Successivamente, si è intervenuti modificando tale impostazione con il decreto legge 24 gennaio 2015, n. 3, meglio conosciuto con il nome di “decreto investment compact”, convertito, con modificazioni, dalla legge 24 marzo 2015, n. 33. Tale decreto, tra le altre modifiche introdotte alla normativa del Patent box, ha anche esteso il regime fiscale a tutte le tipologie di marchi, inclusi quelli commerciali, superando in questo modo la limitazione per cui solo i marchi d’impresa funzionalmente equivalenti ai brevetti potevano essere ammessi all’agevolazione.
La norma che è stata modificata con il recente DL n. 50 considerava quindi come agevolabili anche i redditi derivanti dai marchi d’impresa per i quali fossero svolte attività di presentazione, comunicazione e promozione volte ad accrescere il loro carattere distintivo e/o la rinomanza dei marchi, contribuendo così alla conoscenza, all’affermazione commerciale, all’immagine dei prodotti o dei servizi, del design o degli altri materiali proteggibili, all’esplicarsi insomma proprio di quell’importante funzione d’investimento del marchio di cui si è discusso sopra con riferimento alla sentenza della Corte di Giustizia Europea sul caso Interflora/Marks & Spencer.

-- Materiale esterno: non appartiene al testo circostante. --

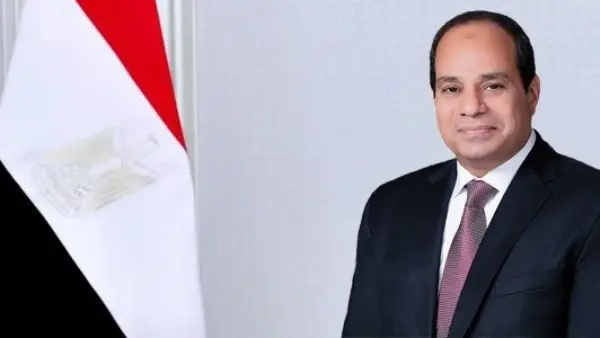 الرئيس السيسي يصل نيروبي للمشاركة في أعمال قمة أفريقيا – فرنسا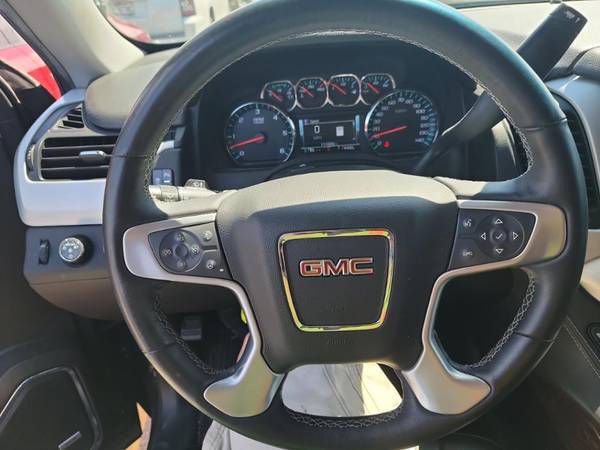 2017 GMC Yukon Image 6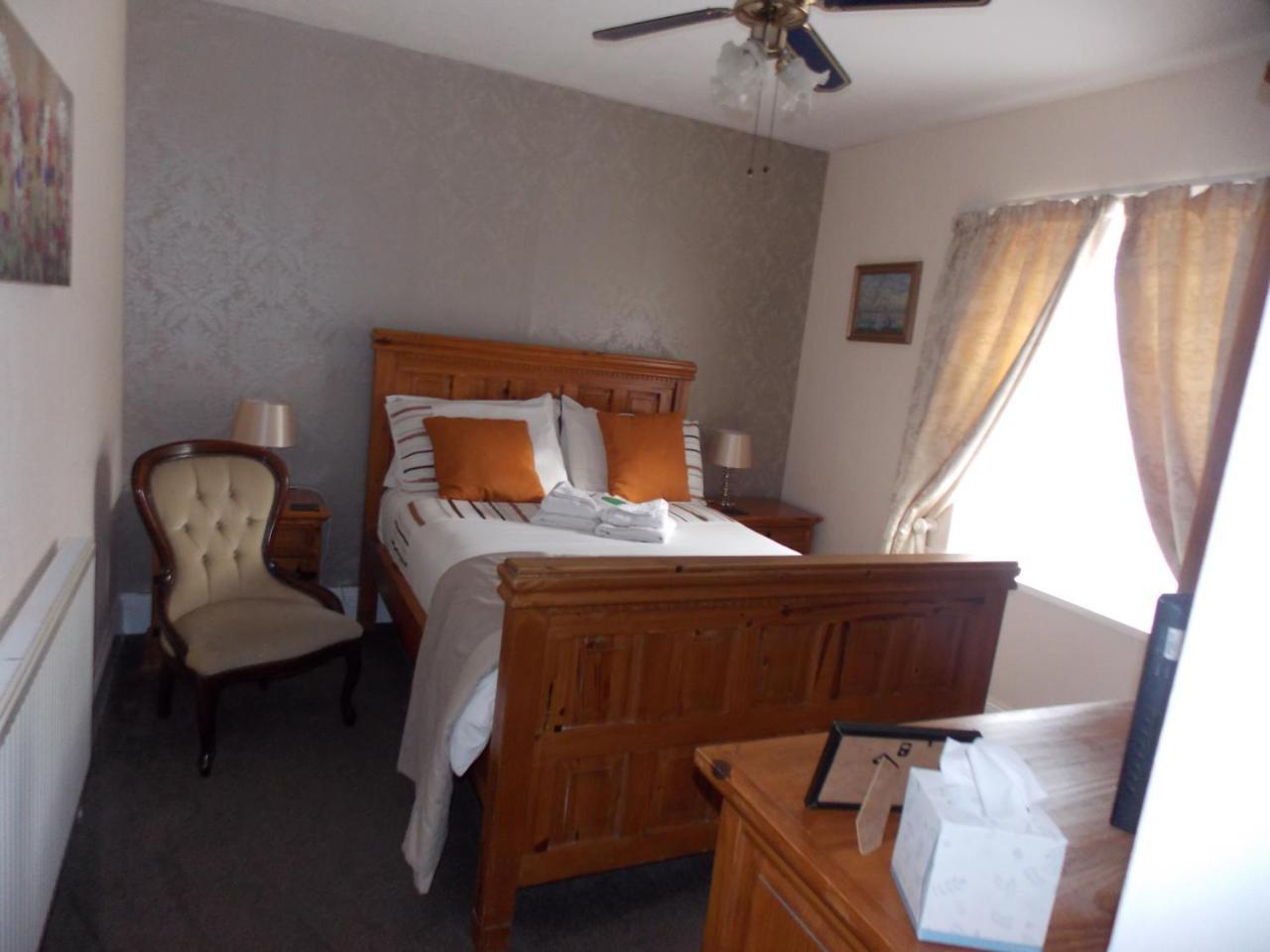 Ivy Bank 4* Tenby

[1] Regimi analoghi a quello introdotto in Italia sono previsti in: Belgio, Francia, Gran Bretagna, Lussemburgo, Paesi Bassi e Spagna
[2] Nel DL approvato nel CDM del 20 gennaio 2015 è prevista la possibilità di comprendere nei costi di attività di ricerca e sviluppo i costi di acquisto del bene immateriale agevolabile, nonché eventuali costi di ricerca relativi a contratti stipulati con società facenti parte del gruppo con un tetto massimo del 30% delle stesse.
[3] Metodo elaborato dall’OCSE nelle sue raccomandazioni 2015, di cui si discuterà in seguito.